**About this exercise:** Find the line that holds "Черный Шкода Октавия, объемом" in the material below. Output that line and each one after it exactly, but not the pictures.

**Records to use:**

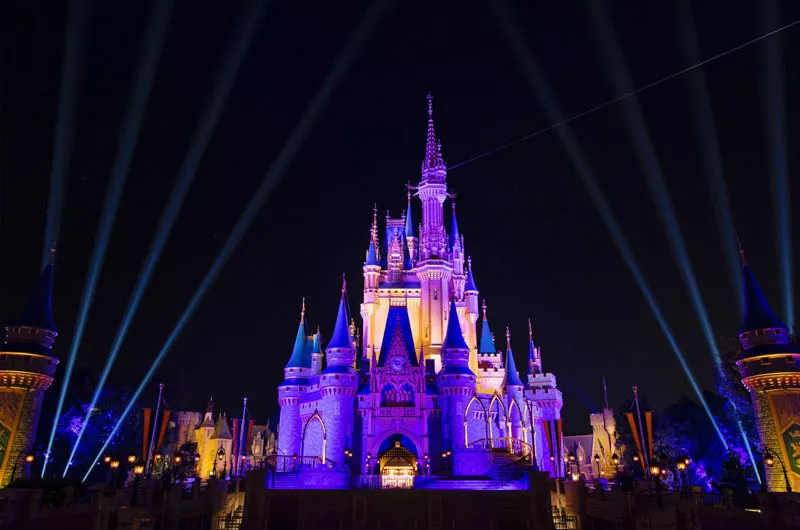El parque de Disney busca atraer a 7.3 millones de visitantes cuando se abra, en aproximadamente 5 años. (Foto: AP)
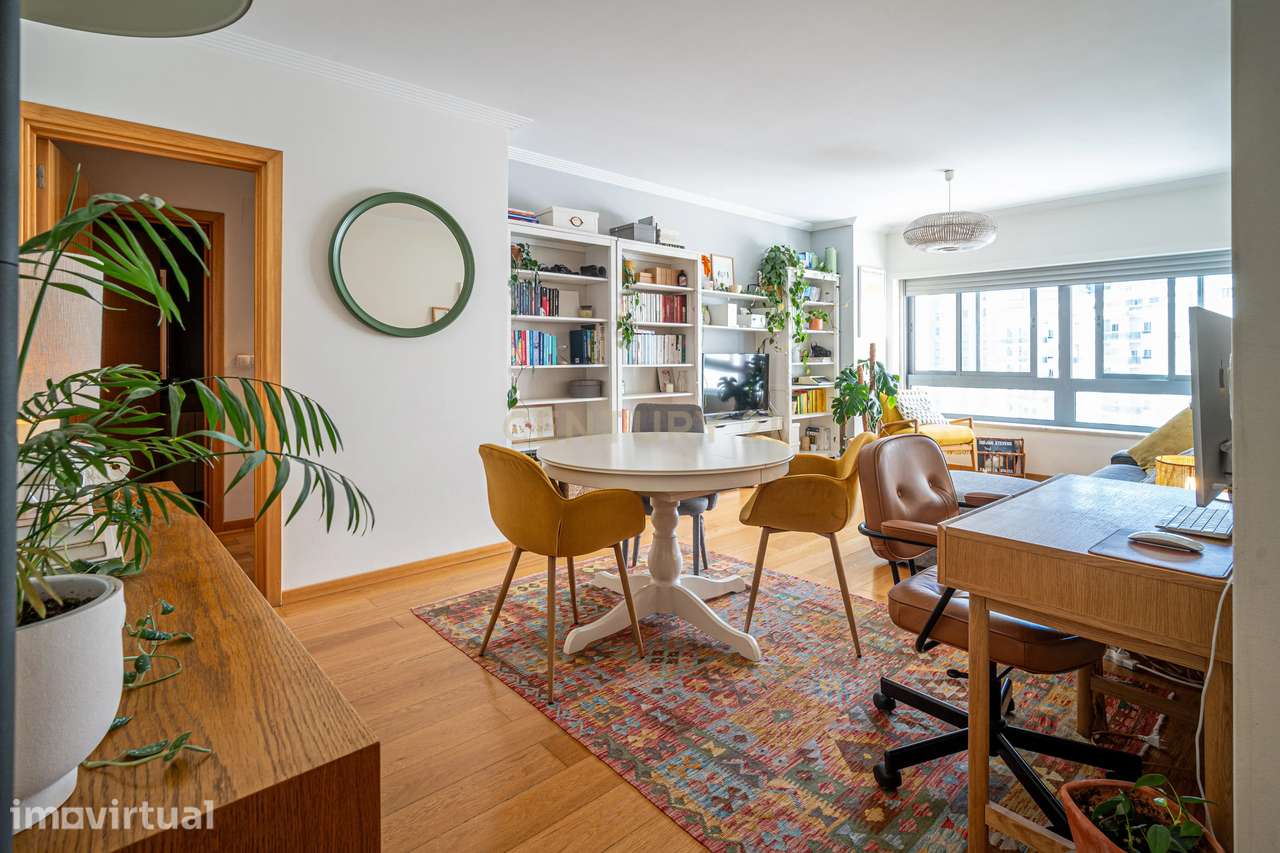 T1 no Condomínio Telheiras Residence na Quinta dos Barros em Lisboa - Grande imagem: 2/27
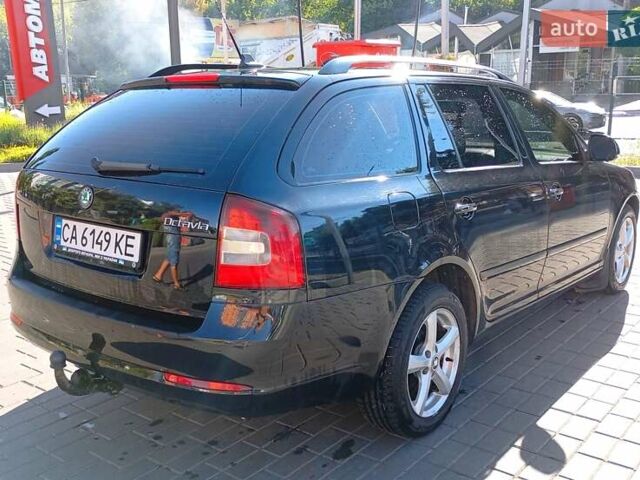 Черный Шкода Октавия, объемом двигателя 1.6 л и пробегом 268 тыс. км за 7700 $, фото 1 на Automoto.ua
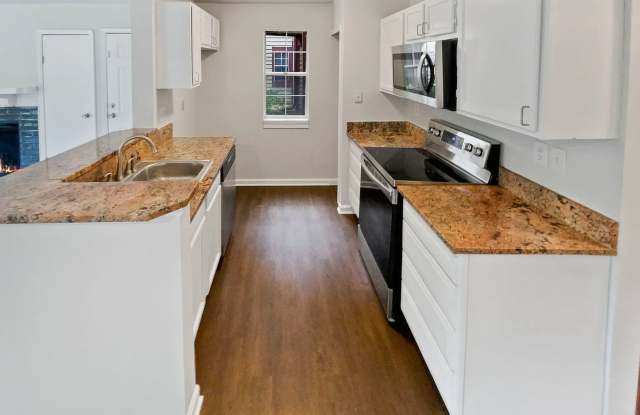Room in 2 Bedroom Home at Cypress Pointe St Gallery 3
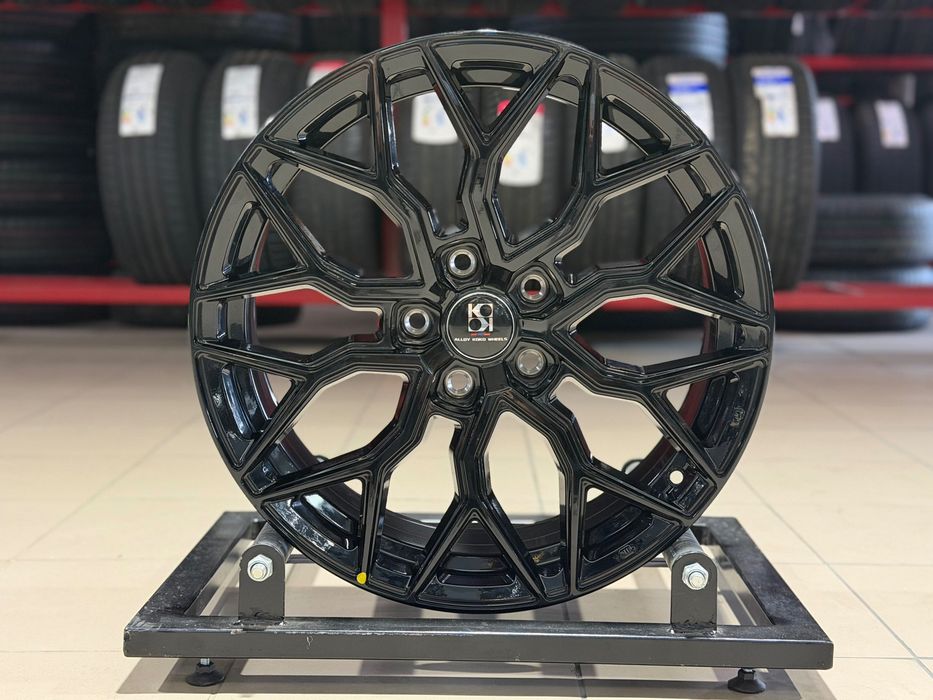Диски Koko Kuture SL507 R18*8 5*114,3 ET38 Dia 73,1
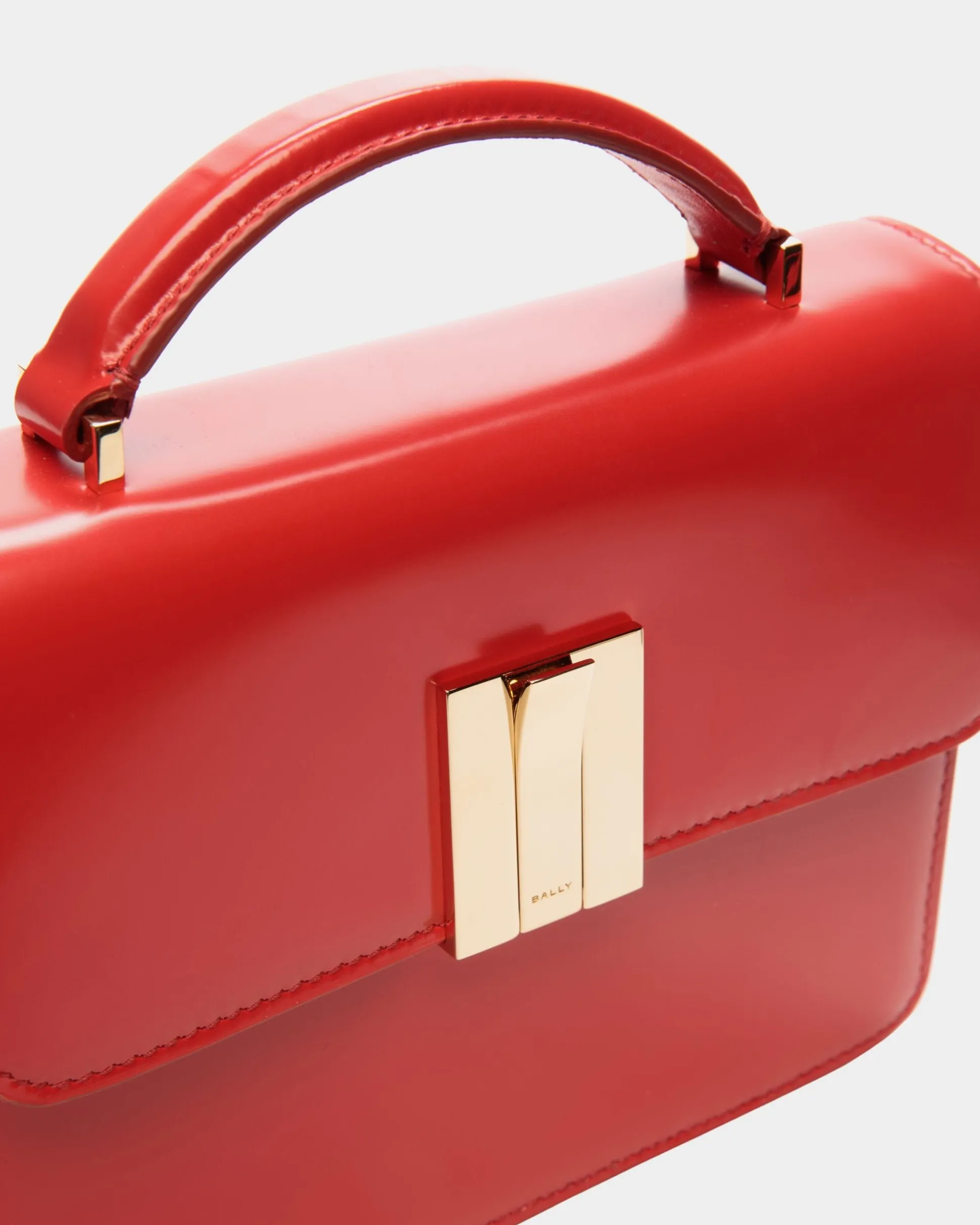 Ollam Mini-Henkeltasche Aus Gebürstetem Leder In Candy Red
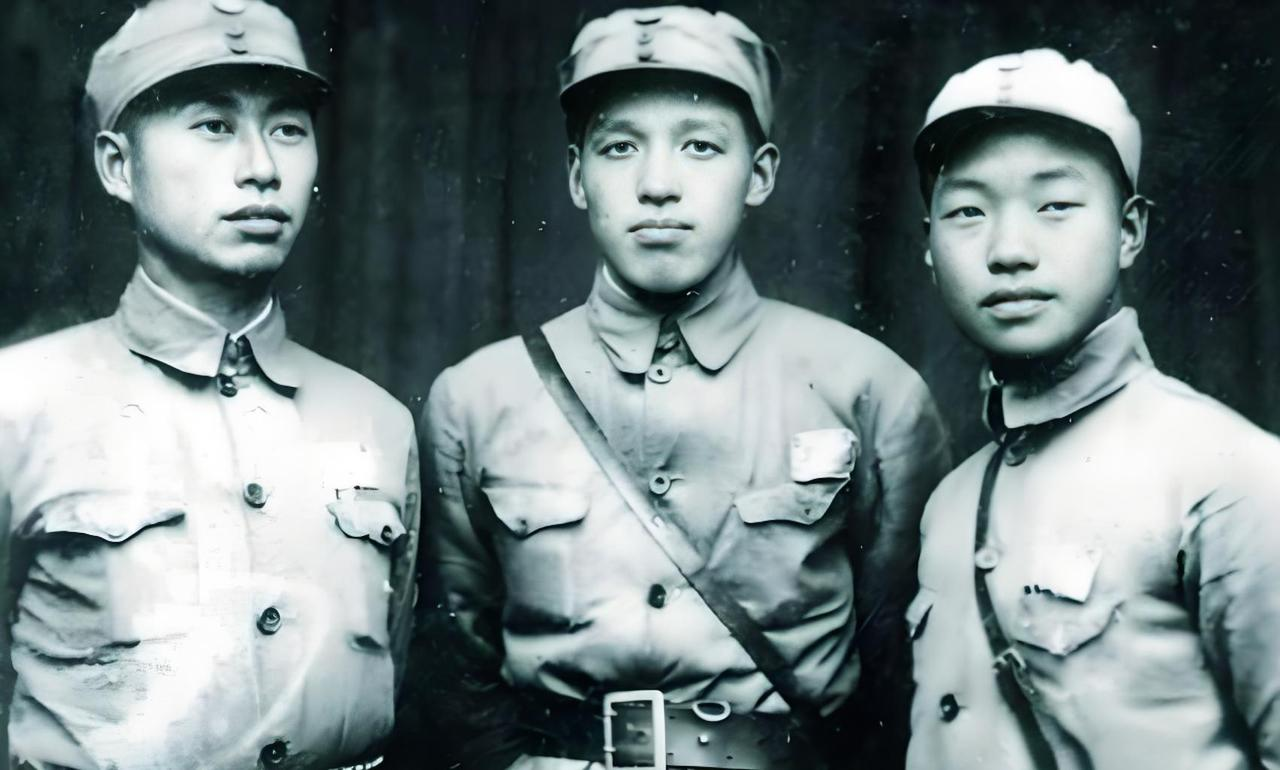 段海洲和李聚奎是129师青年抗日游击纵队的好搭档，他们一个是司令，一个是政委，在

**Task solution:**
 Черный Шкода Октавия, объемом двигателя 1.6 л и пробегом 268 тыс. км за 7700 $, фото 1 на Automoto.ua
Room in 2 Bedroom Home at Cypress Pointe St Gallery 3
Диски Koko Kuture SL507 R18*8 5*114,3 ET38 Dia 73,1
 Ollam Mini-Henkeltasche Aus Gebürstetem Leder In Candy Red
 段海洲和李聚奎是129师青年抗日游击纵队的好搭档，他们一个是司令，一个是政委，在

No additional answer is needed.